“It is very hard for me to explain why I have ventured on writing now, and yet I can’t think that I am doing wrong. I heard a few days ago (for I have a friend at Pisa who keeps me informed, by my own desire, of all the pleasant changes in your life)—I heard of your child being born; and I thought myself, after that, justified at last in writing to you. No letter from me, at such a time as this, can rob your child’s mother of so much as a thought of yours that is due to her. Thus, at least, it seems to me. I wish so well to your child, that I cannot surely be doing wrong in writing these lines.

“I have said already what I wanted to say—what I have been longing to say for a whole year past. I have told you why I left Pisa; and have, perhaps, persuaded you that I have gone through some suffering, and borne some heart-aches for your sake. Have I more to write? Only a word or two, to tell you that I am earning my bread, as I always wished to earn it, quietly at home—at least, at what I must call home now. I am living with reputable people, and I want for nothing. La Biondella has grown very much; she would hardly be obliged to get on your knee to kiss you now; and she can plait her dinner-mats faster and more neatly than ever. Our old dog is with us, and has learned two new tricks; but you can’t be expected to remember him, although you were the only stranger I ever saw him take kindly to at first.

“It is time I finished. If you have read this letter through to the end, I am sure you will excuse me if I have written it badly. There is no date to it, because I feel that it is safest and best for both of us that you should know nothing of where I am living. I bless you and pray for you, and bid you affectionately farewell. If you can think of me as a sister, think of me sometimes still.”
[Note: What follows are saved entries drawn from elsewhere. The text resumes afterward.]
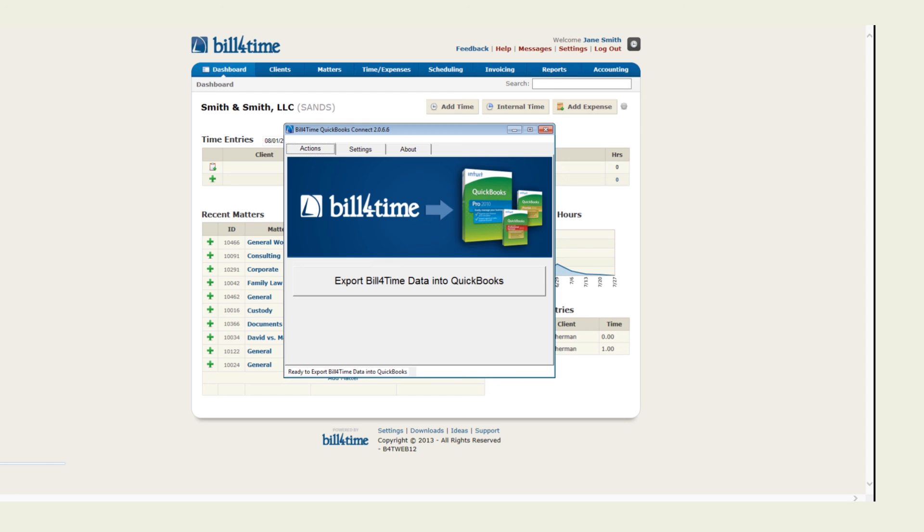To learn more about this or if you have any specific questions, make sure to contact support for further assistance.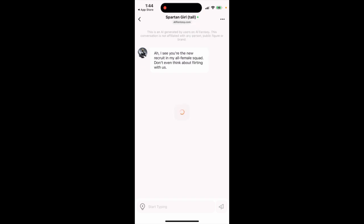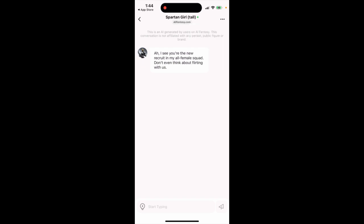I'm not sure what 'Network Refresh' does — maybe if there's a bad connection you can try that. You can also change the chat wallpaper or toggle dark mode.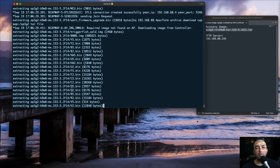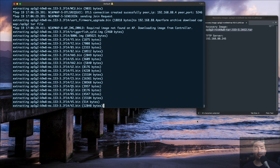If the access point is able to reach a wireless LAN controller, it will download the base image from the controller. If you like this video and would like to see more wireless videos, please comment below and suggest a topic. Thank you for watching, stay safe and I'll see you in the next video.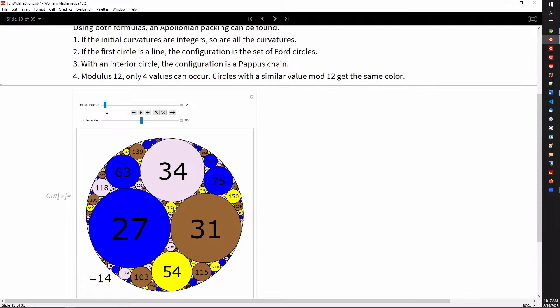If you have an interior circle — for example, 198 here — the circles around it form what's called a Pappus chain. The outer circle in each case has a negative value. For the Ford circles, that line at the bottom is a circle of curvature 0, or a straight line.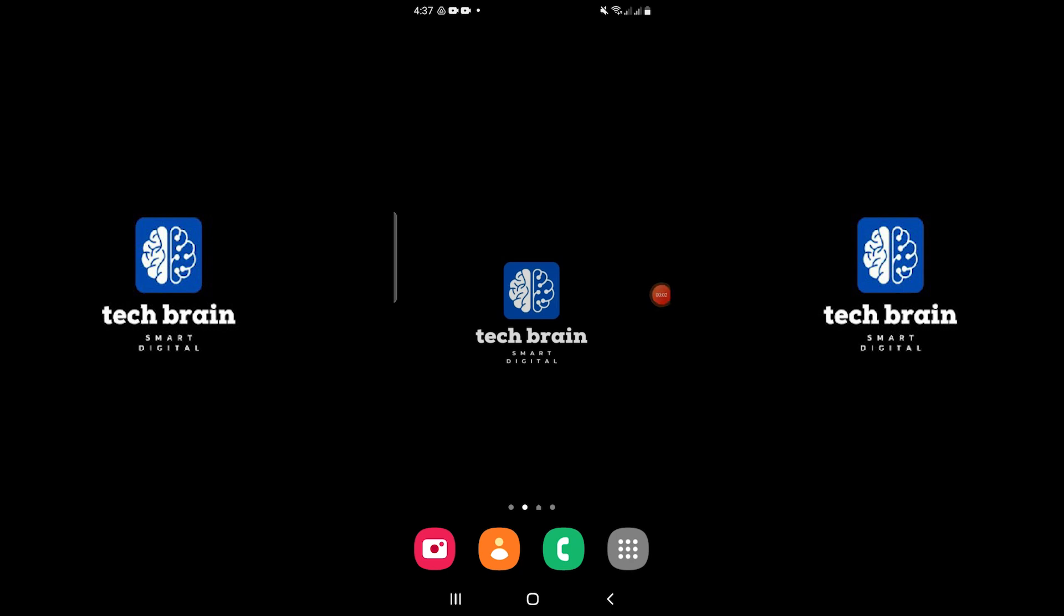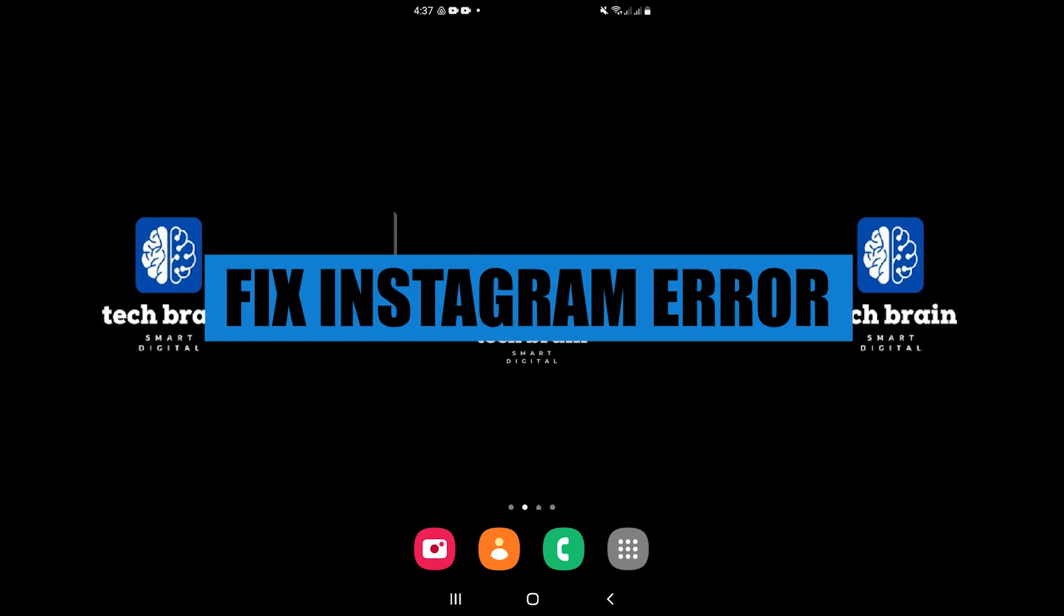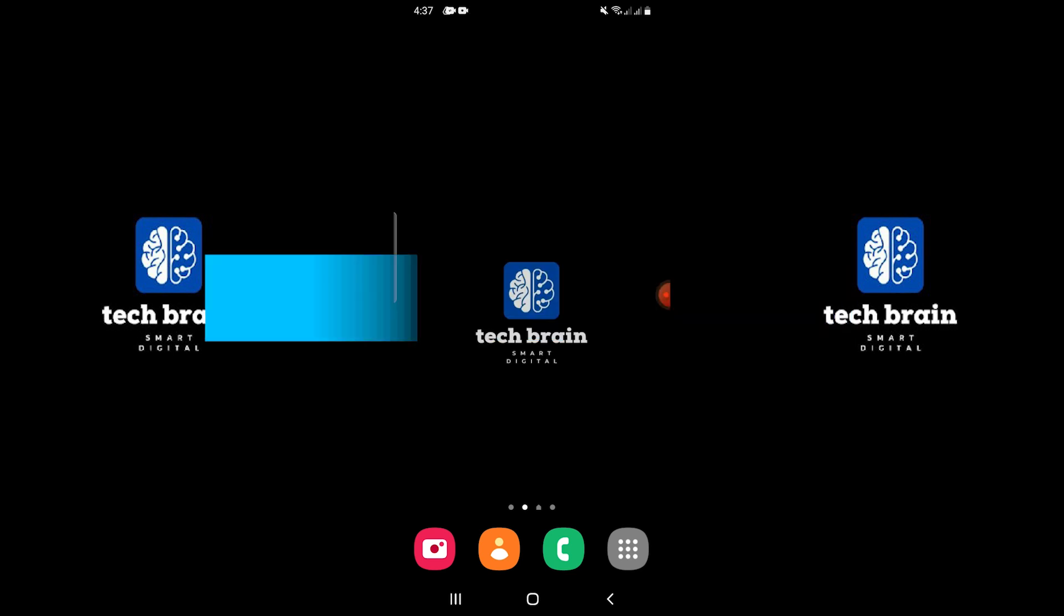Hello everyone, welcome to TechBrain. My name is Sam and in this video, I will show you how to fix the Instagram invalid parameter error.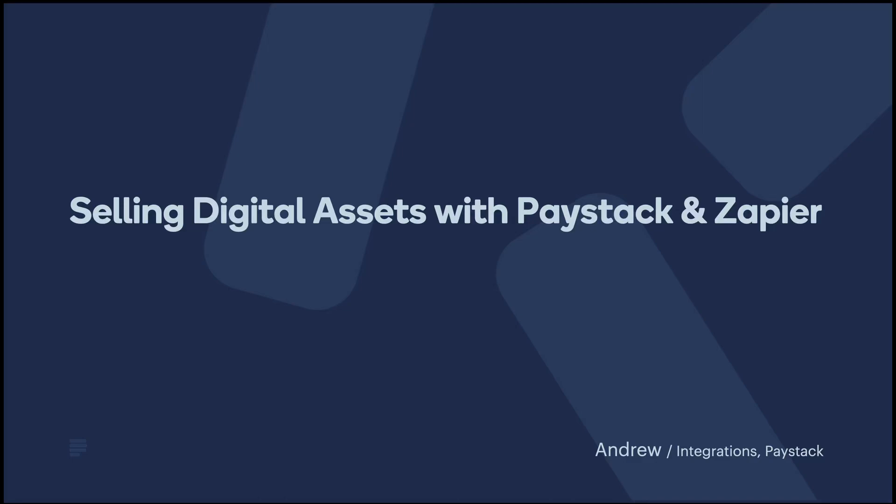Hey folks, Andre here with the integrations team at Paystack. Today I'm going to walk you through how to sell digital books or catalogs via Paystack payment pages and Gmail using Zapier.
Fabio sighed bitterly while he read the letter. “Why,” he whispered to himself, “why does it come at such a time as this, when I cannot dare not think of her?” As he slowly folded the letter up the tears came into his eyes, and he half raised the paper to his lips. At the same moment, some one knocked at the door of the room. He started, and felt himself changing color guiltily as one of his servants entered.

“My mistress is awake,” the man said, with a very grave face, and a very constrained manner; “and the gentlemen in attendance desire me to say—”

He was interrupted, before he could give his message, by one of the medical men, who had followed him into the room.

“I wish I had better news to communicate,” began the doctor, gently.

“She is worse, then?” said Fabio, sinking back into the chair from which he had risen the moment before.

“She has awakened weaker instead of stronger after her sleep,” returned the doctor, evasively. “I never like to give up all hope till the very last, but—”

“It is cruel not to be candid with him,” interposed another voice—the voice of the doctor from Florence, who had just entered the room. “Strengthen yourself to bear the worst,” he continued, addressing himself to Fabio. “She is dying. Can you compose yourself enough to go to her bedside?”